The Board of the International Organization of Securities Commissions (IOSCO) published guidance to help its members address conflicts of interest and associated misconduct risks that may arise and undermine the equity capital raising process. Conflicts of interest and associated conduct risks stemming from the role of intermediaries can harm the integrity and efficiency of the equity capital raising process, damage investor confidence and weaken capital markets as an effective vehicle for issuers to raise funding. To help regulators identify and address these risks, IOSCO today published the final report on Conflicts of interest and associated conduct risks during the equity capital raising process, which sets out guidance for regulators to address conflicts of interests that may occur when intermediaries manage an equity securities offering. The report details the key stages of equity capital raising where the role of intermediaries might give rise to conflicts of interest that compromise the integrity and efficiency of the process. The guidance comprises eight measures that address:
• conflicts of interest and pressure on analysts during the formation of their views on an issuer in the pre-offering phase of a capital raising;
• conflicts of interest during the allocation of securities;
• conflicts of interest and conduct risks in the pricing of securities offerings;
• conflicts of interest and conduct risks stemming from personal transactions by staff employed within firms managing a securities offering.

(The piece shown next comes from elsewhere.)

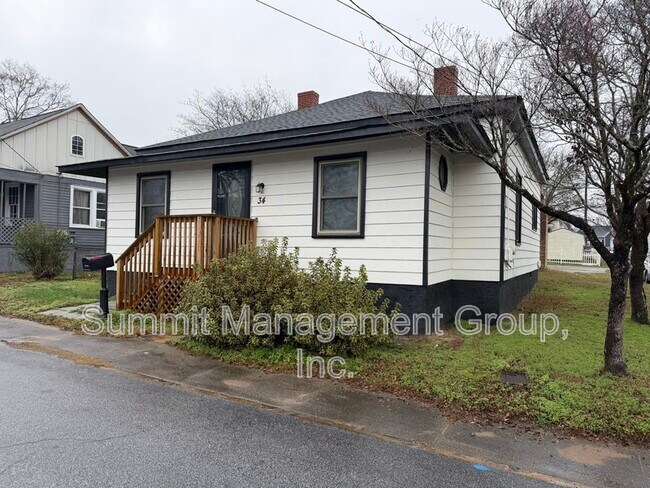 Building Photo - 34 Ivy St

The guidance sets standards of conduct for market intermediaries in the equity capital raising process. Implementation of the guidance is expected to materially improve the equity raising process, which includes enhancing
- the range and quality of timely information that is made available to investors during the process;
- the transparency of allocations;
- the efficiency and integrity of the overall process, boosting investor confidence and rendering capital markets a more effective channel to raise financing.
The report published today is the first stage of IOSCO´s work to examine conflicts of interest and associated conduct risks in the capital raising process. The second phase will consider conflicts of interest and associated conduct risks during the debt capital raising process.